Once the oil light is off, you should take a look underneath the car again at all the areas your grubby little paws touched. Is the oil drain plug in place? Is it leaking? If yes, shut the engine off and snug it up just a hair more. If not, keep the engine running and move your eyes to the filter to check for leaks there and re-tighten if needed. (Out of the dozens and dozens of oil changes I’ve done, I’ve only had to re-tighten one filter.) Finally, go to the top of the engine, and make sure the filler cap is fitted properly. No leaks? Good! After removing the wheel chock, climb back into the car and lower it off the ramps onto level ground. Note the gallon of spilled oil all over your driveway from the catch basin that was caught by the front spoiler, since you neglected to remove it before moving the car. Now is an excellent time to curse prolifically at a bellowing volume since you are still inside the car and the neighbors can’t hear you.
Step 7: Top-Off & Cleanup
When the car is on level ground, shut it off, wait a minute for the oil to flow from the nether regions of the engine back down to the sump, and then refill the oil until it reaches to the top of the Fill line on the dipstick. Your car is now ready to drive again! (after you wipe down the remaining smudges on the hood, door handle, steering wheel, radio knob, gearshift lever and passenger seat)
The final step is to clean up your work area and properly dispose of the used oil. Most retail stores that sell motor oil are required to offer a disposal service for the old oil. There are also other means as some garages and shops are now heated with waste oil, so keep a lookout for little signs that say “Waste Oil Needed.” How you get the oil there is entirely up to you, but I suggest using spill-proof containers and someone else’s car for this portion of the project. If needed, you can use the excuse of “I just changed the oil in my car and the new oil needs to break-in gently.” (Of course there is absolutely no truth to this horrible lie, but who is going to question you? After all, you just changed your own oil and they didn’t.)

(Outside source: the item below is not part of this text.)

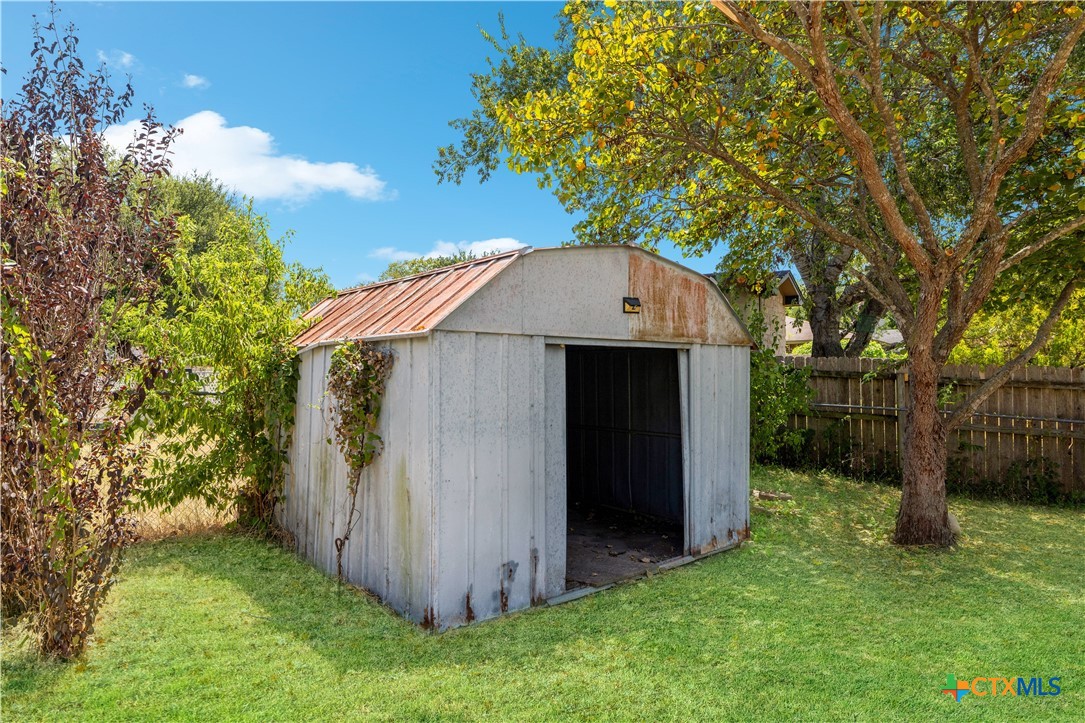 main property photo 25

Once the tools are wiped down and put back into place, grab the aforementioned beverage and admire your care. Yes, you just did your first oil change. Surely the car will appreciate it. In fact, it probably has a gleam to it that wasn’t there before you started. Only you know that it’s from the oil residue left by your grubby paws, but no one else will. Enjoy this moment. You have earned it.
* Note of clarification: it is difficult to drive the entire trip to the store with no oil in the engine. There is a very good chance that you can get part way before the engine seizes and requires replacement.
**You will see in the gallery that I am using what is best described as a “clown-sized” funnel. This is what you are left with when someone borrows (steals) your beloved yellow funnel and you only noticed this fact after you have drained the oil from the sump and cannot drive to the store to find a suitable replacement. (See footnote above)
***It does not have to be paper towels; any absorbent cloth will do. A linen tablecloth will work just as well for this purpose.
****Do not skip this step! I had a cousin that neglected to do this on a Honda Accord Hatchback (remember those?), and it ended with quarts of oil blowing past the unsealed ring in just a few seconds. Oil under pressure finds its way into everything in a hurry. Thankfully, she was aware and shut the engine down without damage, but not everyone is as intelligent as she is. Consider yourself warned.